In the Shadow of the Mountains
In the twilight of the year 2003, a stranger arrives in the tiny town of Burns, Colorado. Whispers begin to fly as bodies appear, savagely mutilated, throughout the neighborhood, and the responsibility falls on two monstrously unprepared high school students to uncover the truth before the undead can destroy their hometown.
Chris Doyle is a slacker and a sci-fi geek, barely eking through his senior year of high school; Aaron Margolis is a child prodigy who could have graduated at age twelve if his parents had let him. They have never had anything in common until a woman is murdered and Aaron comes asking for Chris’s help – he is seeing Texans who cannot be real.
Then the high school’s English teacher disappears and is replaced by Daniel Leland, the sharp and reclusive newcomer, a man already convicted by public opinion. He says that he is a hunted man, and Aaron believes him, but Chris is not as sure. Doubts or no, Chris has no choice but to join up with the teacher when his best friend is kidnapped by superhuman forces, but this adventure is nothing like his comic books.
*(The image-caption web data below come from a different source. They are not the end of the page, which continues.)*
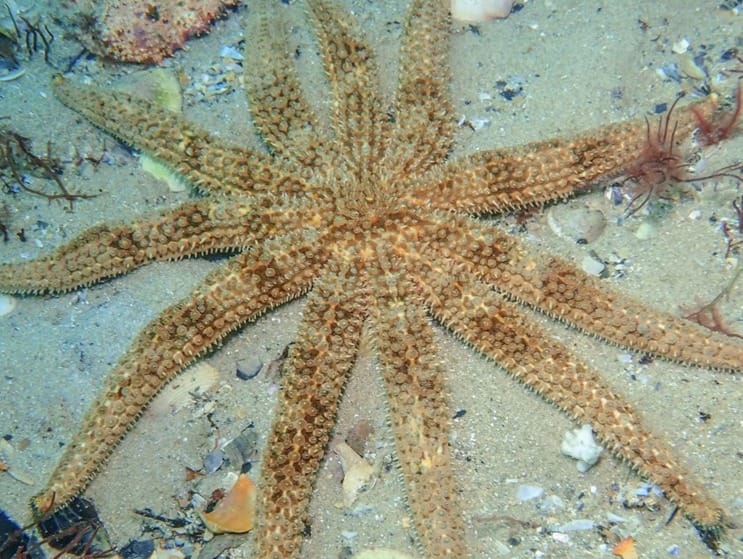 A Marine Mili series: Have you ever seen a star at the beach?
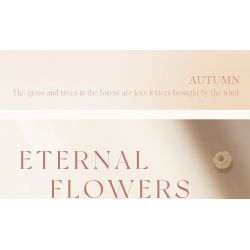 WEILE CREATION 2159 NGÔN NGỮ CỦA HOA KHÔNG NGỦ HỒNG MẶT MỰC bộ đồ chơi xếp lắp ráp ghép mô hình Creator Sáng Tạo 352 khối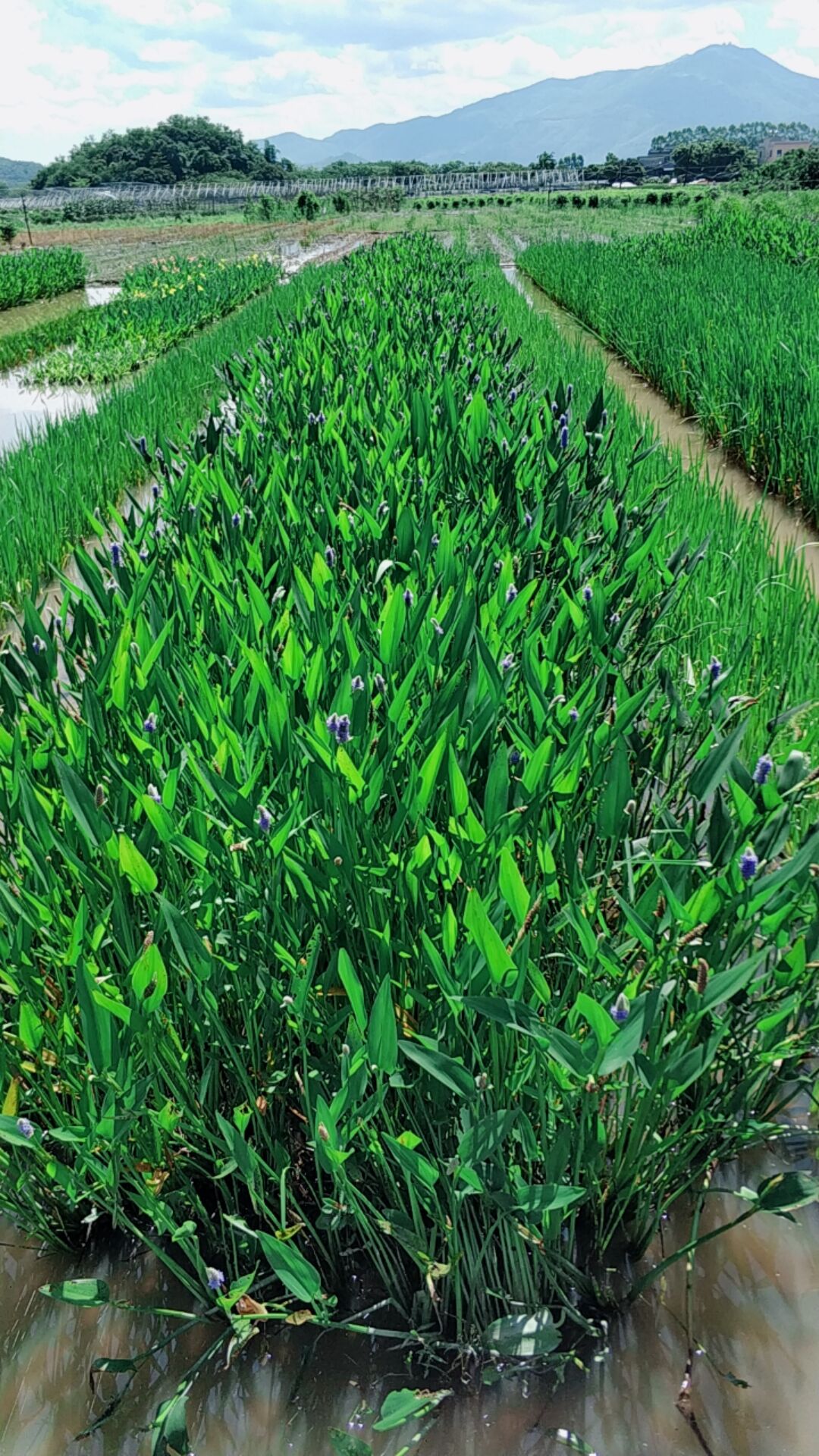 北美梭鱼草小苗 海寿花绿化苗批发价格 梭鱼草袋苗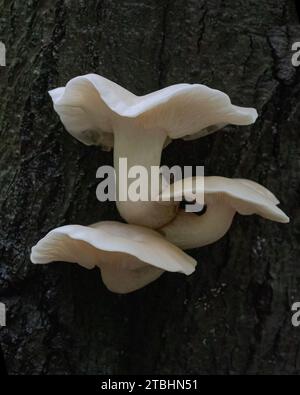 Nahaufnahme von drei Ulmenausternpilzen, die auf einem Baum wachsen Stockfoto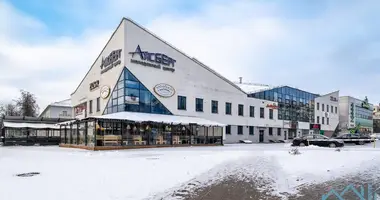 Restaurant in Minsk, Belarus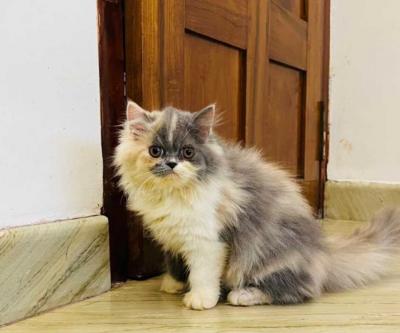 Calico Kitten in Rohtak - Other Cats, Kittens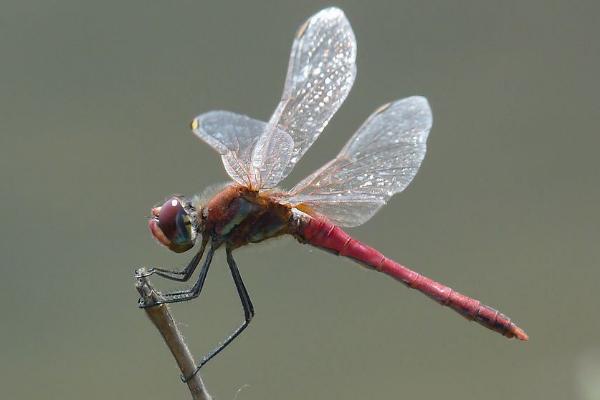 蜻蜓是益蟲還是害蟲 蜻蜓有觸角嗎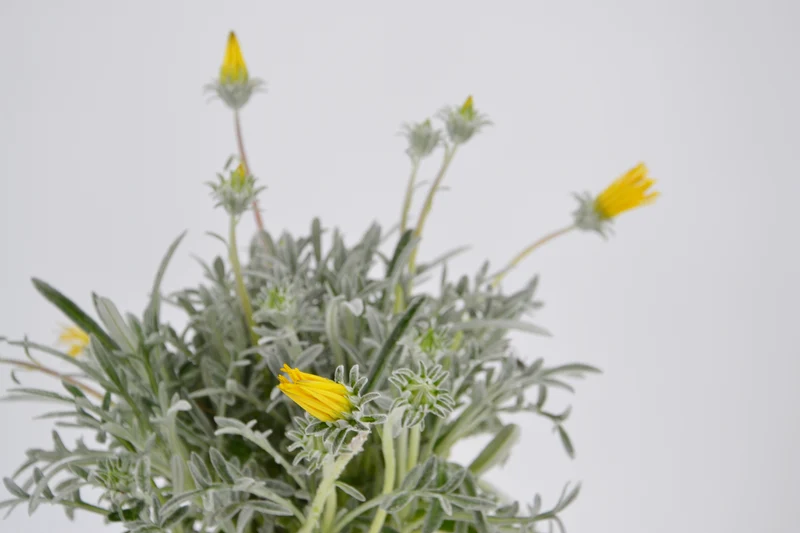 Gazania rigens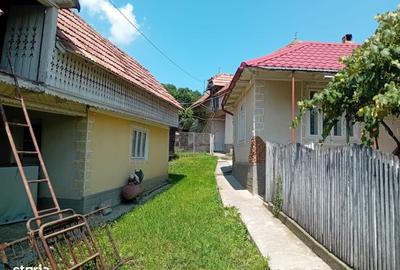 Casă cu 4 camere în Curița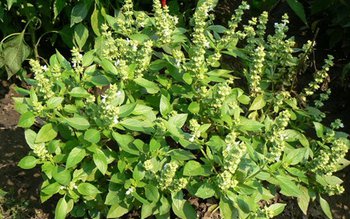 Proprietăţile miraculoase ale busuiocului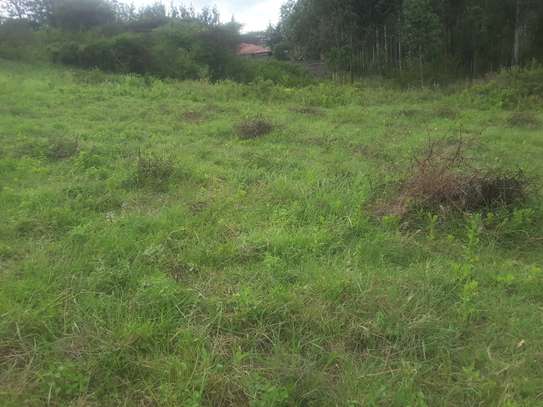 Beautiful one eighth plots in Ngong image 9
The sky grew dark, gestating a winter monster nourished by a cold northerly gale. The first stinging flakes, tiny needles of ice driven horizontally by the bitter blasts, whisked across the cracked asphalt and clung to the clumps of parched grass that lined the lonely road. The clouds, pregnant and writhing, bulged downward and in a great final heave gave birth to a howling whiteout.
Far below, a tiny convoy struggled north against the wind, racing the growth of the snow banks that soon would strand it. In the lead, a decades-old, green Lincoln Continental ploughed stoically onward, its windshield wipers battling furiously against the snow. It was followed by an eighteen wheeler, its trailer marked “Anderson and Sons Logistics: Texas’ Best Movers!”
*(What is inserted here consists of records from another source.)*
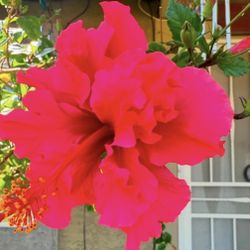 Hibiscus Double Flawer In 5G 3 1/2 The Tall $35 Each Price Firm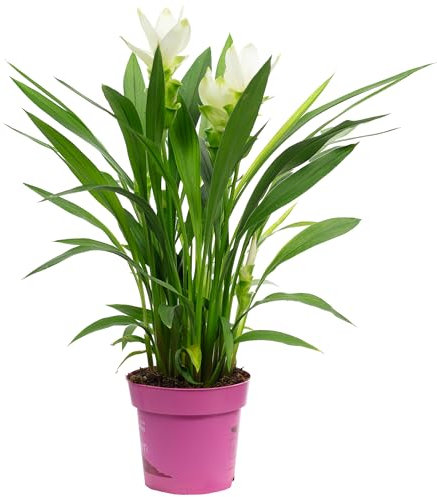 Kurkuma weiß - echte Zimmerpflanze, Curcuma alismatifolia - Höhe ca. 50 cm, Topf-Ø 14 cm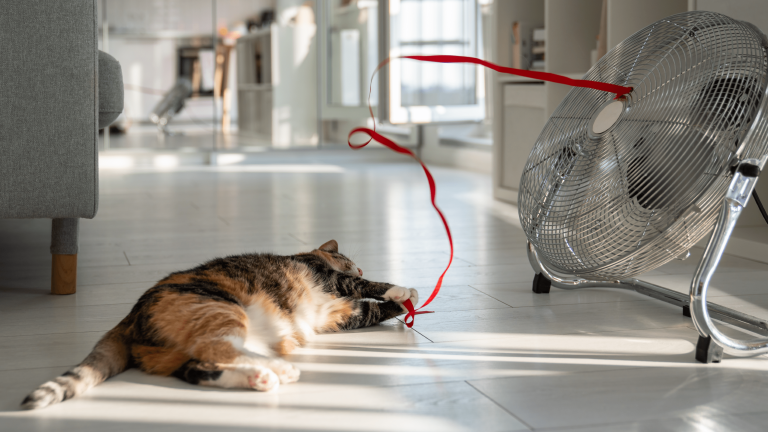 vetproject-veterinaryclinicathens-blogarticle-protectingpetsfromheatwave-min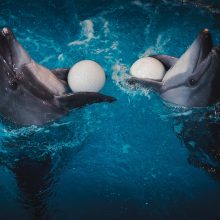M. Melmanas: pasirodymus su delfinais mintyse repetuoju net lovoje 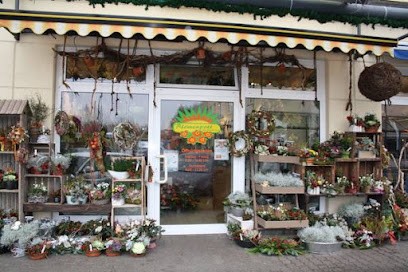 Blomenpott Inh. Sibylle Külß, Blumenladen in Schwerin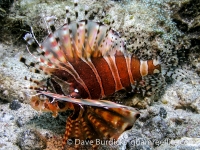 Dendrochirus zebra (Anilao)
Together, the two plodded on up the road toward the dearly-desired terminus of their interminable journey, the end of a seventeen hour drive.
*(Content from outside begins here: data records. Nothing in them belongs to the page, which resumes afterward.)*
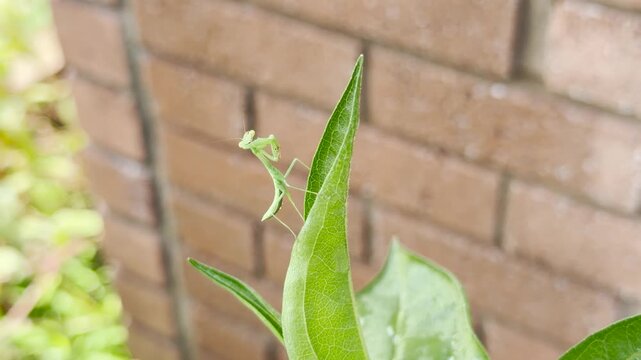 Praying Mantis on Green Leaf, Home Garden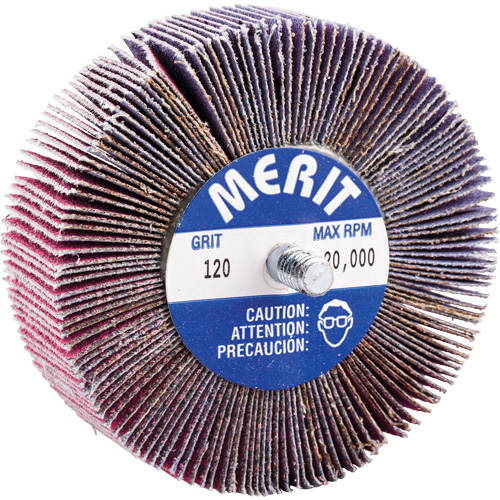 Mini-meule &agrave; lamelles filet&eacute;es, C&eacute;ramique d'alumine, Grain 120, 3" x 1" x 1/4"-20 NRZ Safety Inc.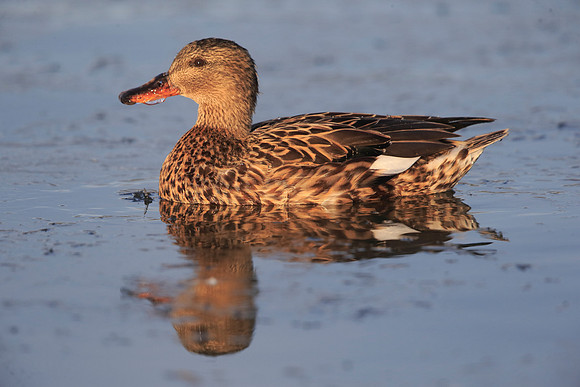 Gadwall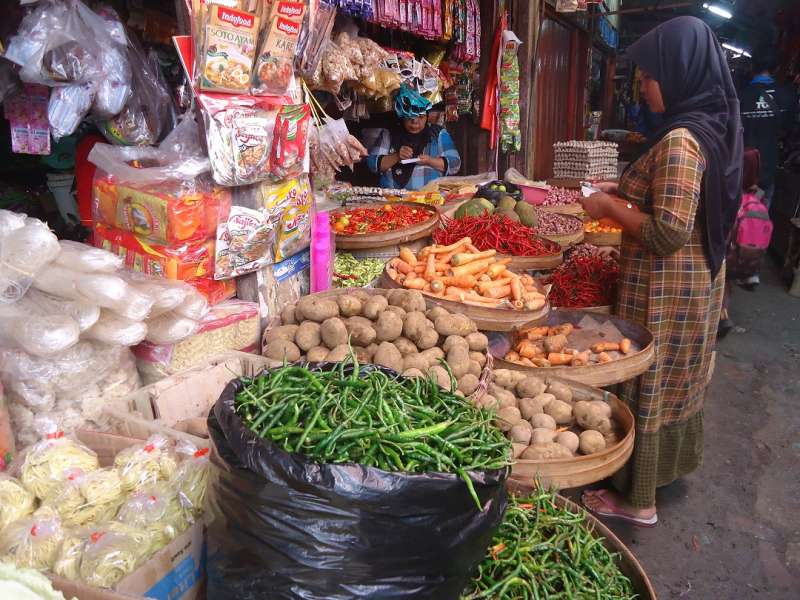 Daerah Penghasil Panen, Harga Sayuran di Pasaran Turun 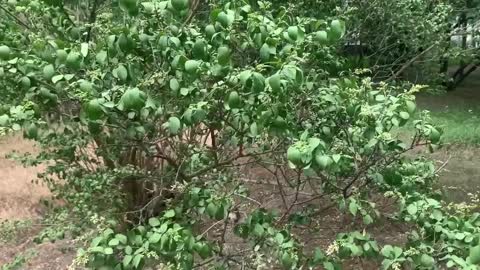 birdsong in the forest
A stile loomed up suddenly in the road, forcing the sedan to brake hard and then swerve to avoid being butted by the truck. A hard squint through the swirling white revealed a frozen pond to the left, and so the Continental turned right, exchanging the frozen asphalt for a vast expanse of loose gravel, pocked with slush-filled craters but at least free of the treachery of black ice. The car lurched and bumped, swaying from side to side along the pitted path, more cattle trail than road by now, until it came to another stretch of tarmac beyond which rose the first few buildings, snow-encrusted outliers of the hidden town beyond:
Beneath the city limit sign was another, hand-made of plywood and peeling around the edges, which cheerfully proclaimed a welcome from the local chapter of the Future Farmers of America.
The convoy turned and turned again, circling the sad yellow brick courthouse that squatted toad-like in the center block of the quaint town square, guarded by a platoon of bare, skeletal oak trees and a small copse of squad cars, huddled together against the cold in the tiny parking lot.
They passed Phelps’ Grocer, which stood beside Phelps’ Deli, which stood beside Phelps’ Electronics. They passed Einstein’s Salon, which had been named after its first owner a good ten years before the mussed mathematician became famous, its windows darkened but its sign highly visible, sporting a caricature of Albert himself in hair curlers. They passed Barrett’s Consignment and the Magpie’s Nest, an antiques and curiosity shop that boasted the entire Beanie Babies collection in the front window, arranged artistically on a broken rocking chair, a scuffed-up armoire, and a rusted Radio Flyer wagon.
Of all the buildings on the square, only Miz Leanne’s Ribs ‘n’ Burgers was open, a neon-lit bastion of humanity in the midst of nature’s onslaught. The Continental and big rig continued on past, turning from Dooley onto Van Winkle, unnoticed by Miz Leanne’s shivering patrons. The two vehicles proceeded past the high school, the elementary and the junior high, and into the residential area. They ploughed down Macgregor and turned onto Cypress, then onto Mulberry and down to the cul-de-sac. The eighteen wheeler stopped on the street, the scream of its brake lost in the wind’s deafening fury, and the Continental rolled on up the driveway and into the garage of the empty two-story house at the end.
Two men, heavily muffled in scarves and wool hats, got out of the truck and began unloading through the snow. First out was an upright piano wrapped in plastic, then a bookcase, then a big wooden desk in pieces. Four hours later, they packed up and disappeared back into the storm. Within twenty minutes, there was no trace of their tracks.
Mrs. Moncrieff pulled her head back from the window and called Mrs. Simmons, who in turn called Ms. Greer, Mrs. Lyle, and Mrs. O’Toole. By eight o’clock that night, half of Burns City knew that there was a stranger in town. By eight o’clock the next night, rumor had transformed the new person into a whole spectrum of characters, from an evangelical preacher to a professional photographer, but by the end of the week, when the stranger had failed to appear even once, the stories began to die.